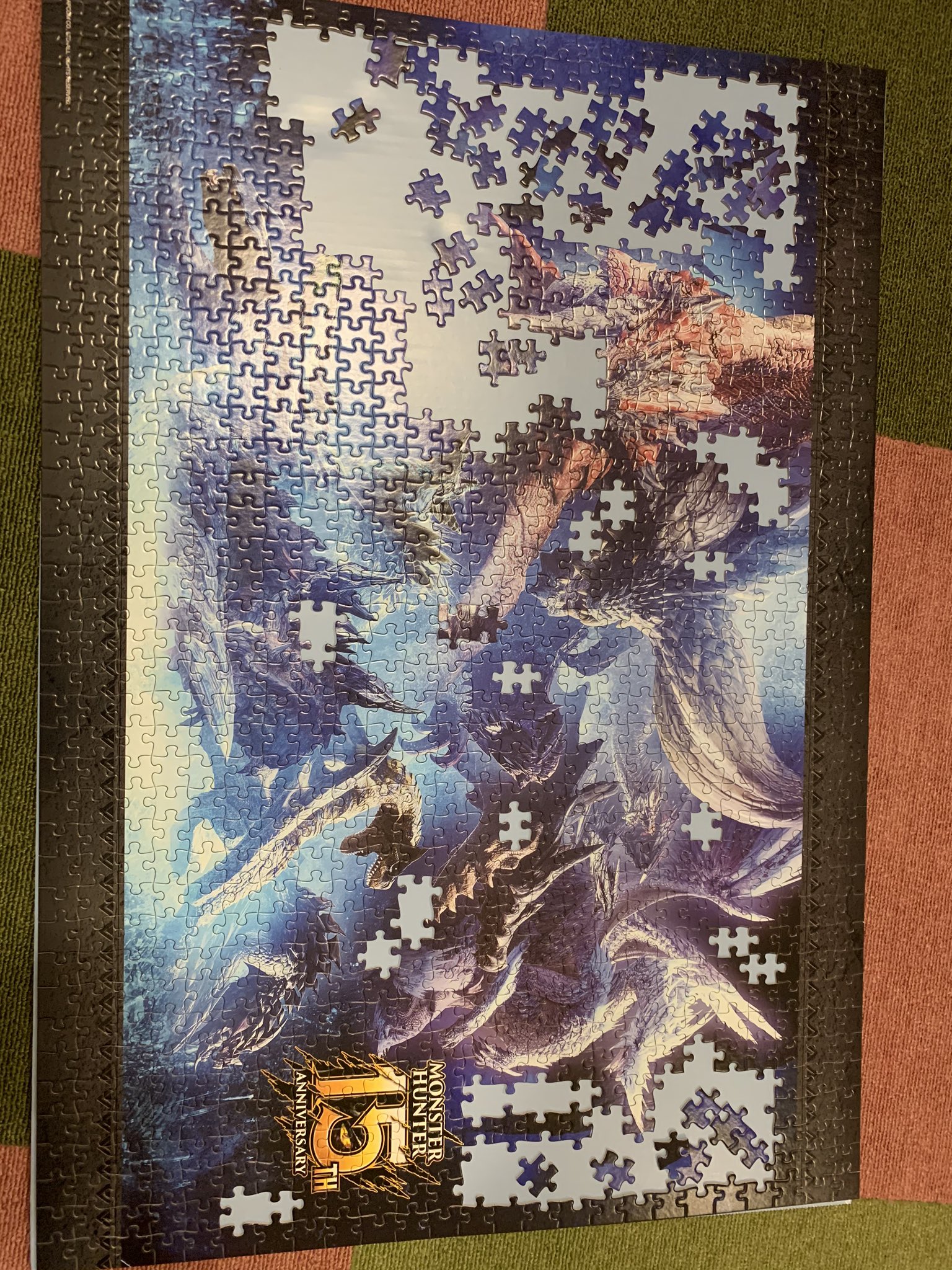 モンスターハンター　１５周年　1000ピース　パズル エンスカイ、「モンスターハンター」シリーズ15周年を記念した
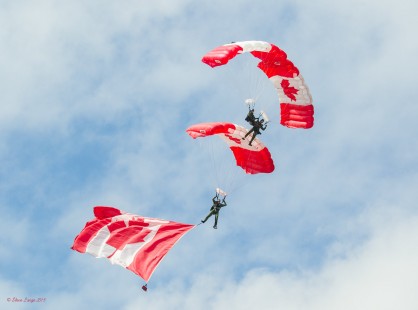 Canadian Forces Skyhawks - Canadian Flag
· · · · ·
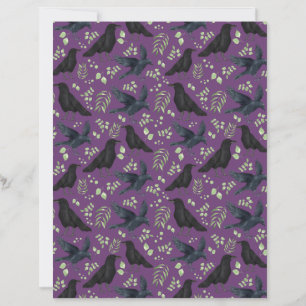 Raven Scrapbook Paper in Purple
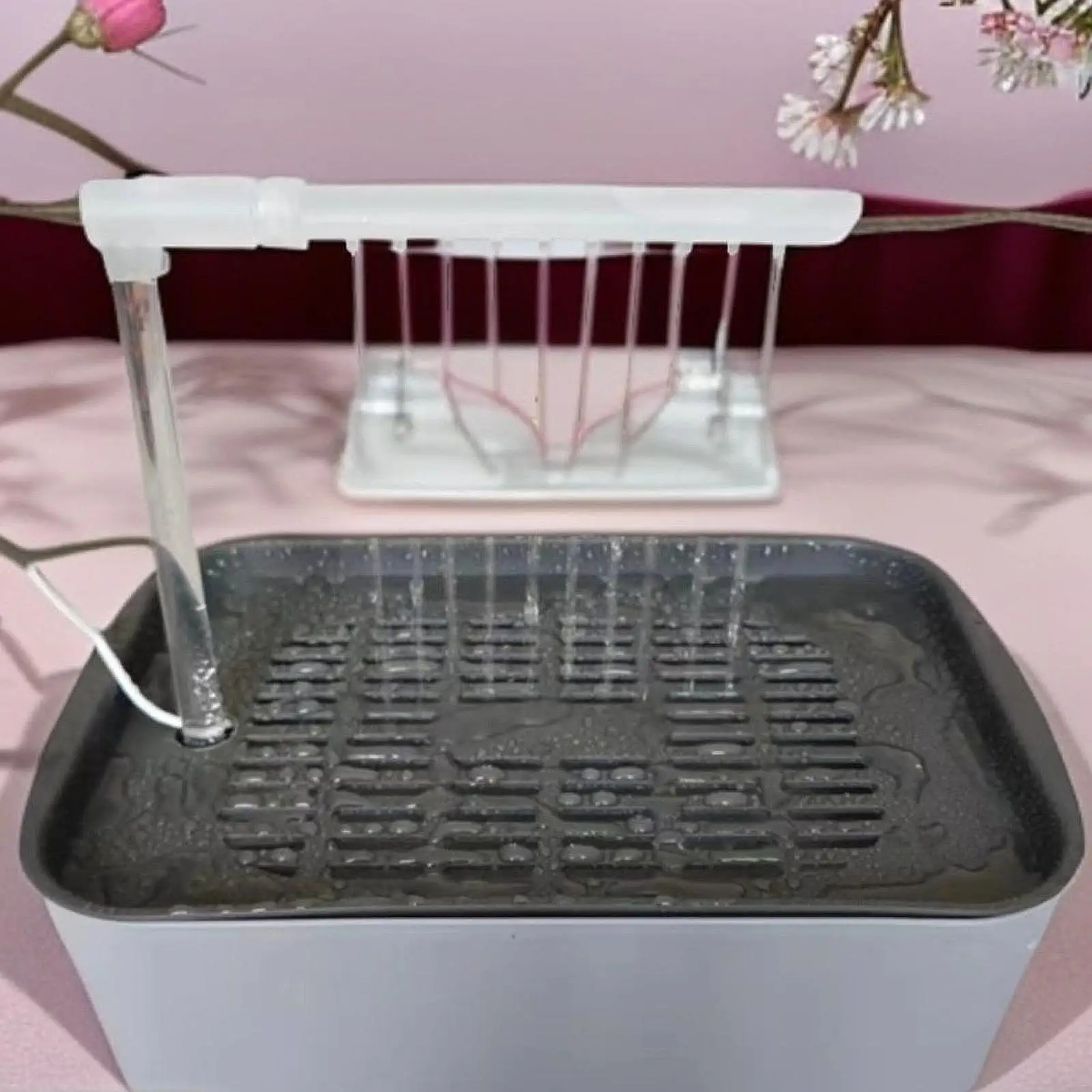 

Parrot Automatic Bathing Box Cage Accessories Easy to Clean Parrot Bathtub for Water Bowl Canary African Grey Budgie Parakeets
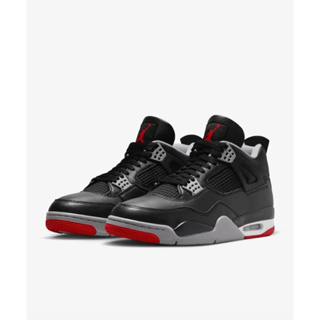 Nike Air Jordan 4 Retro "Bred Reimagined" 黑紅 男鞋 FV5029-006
· · · · ·
= DESCRIPTION OF THE TASK =
Given the listing above, repeat exactly the lines starting at the one with "モンスターハンター　１５周年" and ending at the one with "Canadian Forces Skyhawks - Canadian Flag", inclusive, excluding pictures.

= ANSWER TO THIS EXERCISE =
 モンスターハンター　１５周年　1000ピース　パズル エンスカイ、「モンスターハンター」シリーズ15周年を記念した
 Canadian Forces Skyhawks - Canadian Flag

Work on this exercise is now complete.